Crawled caption data:
= Beginning of Section =
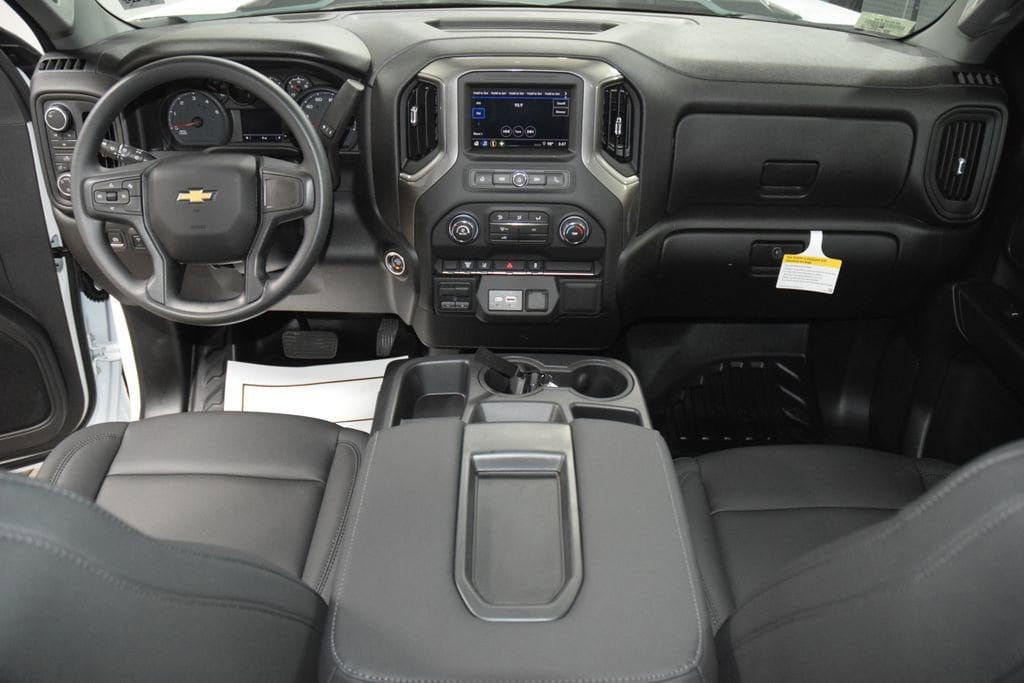 2026 Chevrolet Silverado 3500 HD Chassis Cab Work Truck - 23012381 - 22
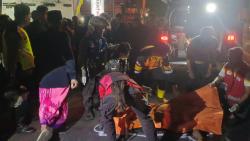 Tragis! Warga Jombang Tewas Terlindas Truk Misterius di Mojokerto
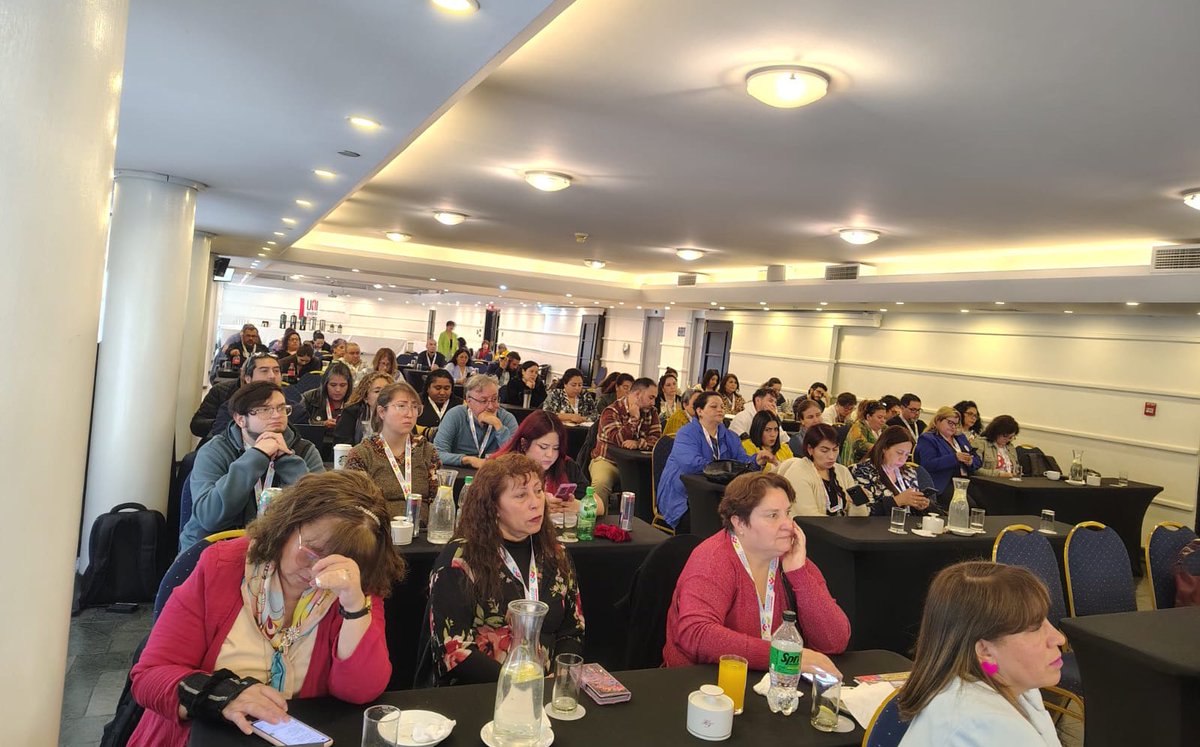 📢👉Concluye V Congreso <a href="/fenassap/">FENASSAP</a> con renovados compromisos sindicales.
📢 2 días de debate y análisis sociopolítico 
📢➕ de 120 dirigent@s de distintos territorios 
📢Juntos federaciones FTPAH Red Interclínicas se refuerza al compromiso de avanzar a una confederación nacional.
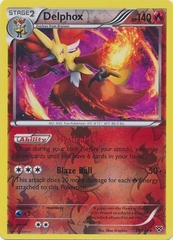 Delphox - 26/146 - Holo Rare Reverse Holo
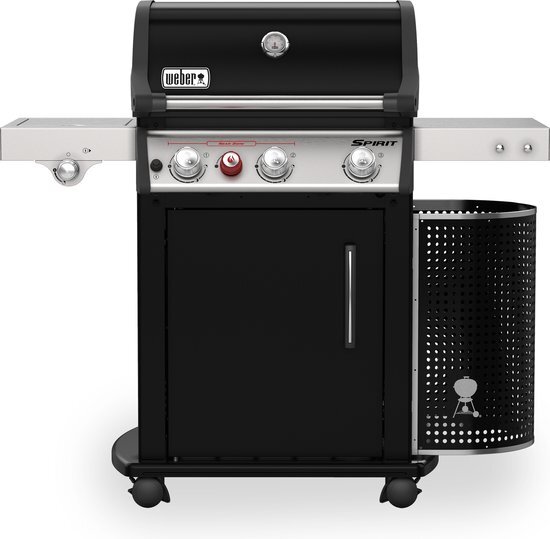 Weber spirit ep-335 premium gbs gasbarbecue zwart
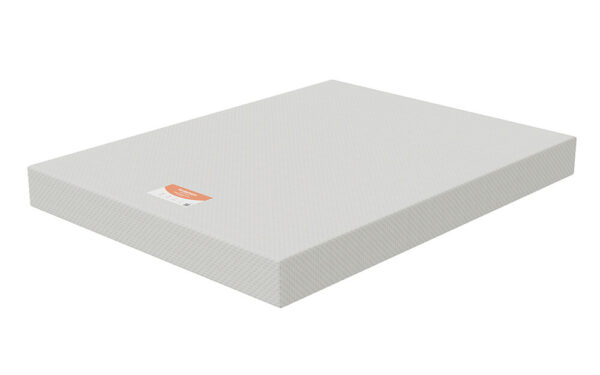 Bodyshape Vitality Memory Foam Ortho Mattress, Small Double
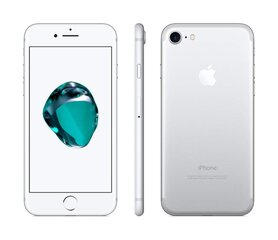 Apple iPhone 7 32GB (Класс A (Очень хорошее состояние, использованный)) цена и информация | Мобильные телефоны | kaup24.ee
= End of Section =
## Assignment
Give every line of the records above again, exactly, and omit the pictures.

## Exercise response
 2026 Chevrolet Silverado 3500 HD Chassis Cab Work Truck - 23012381 - 22
 Tragis! Warga Jombang Tewas Terlindas Truk Misterius di Mojokerto
 📢👉Concluye V Congreso <a href="/fenassap/">FENASSAP</a> con renovados compromisos sindicales.
📢 2 días de debate y análisis sociopolítico 
📢➕ de 120 dirigent@s de distintos territorios 
📢Juntos federaciones FTPAH Red Interclínicas se refuerza al compromiso de avanzar a una confederación nacional.
 Delphox - 26/146 - Holo Rare Reverse Holo
 Weber spirit ep-335 premium gbs gasbarbecue zwart
 Bodyshape Vitality Memory Foam Ortho Mattress, Small Double
 Apple iPhone 7 32GB (Класс A (Очень хорошее состояние, использованный)) цена и информация | Мобильные телефоны | kaup24.ee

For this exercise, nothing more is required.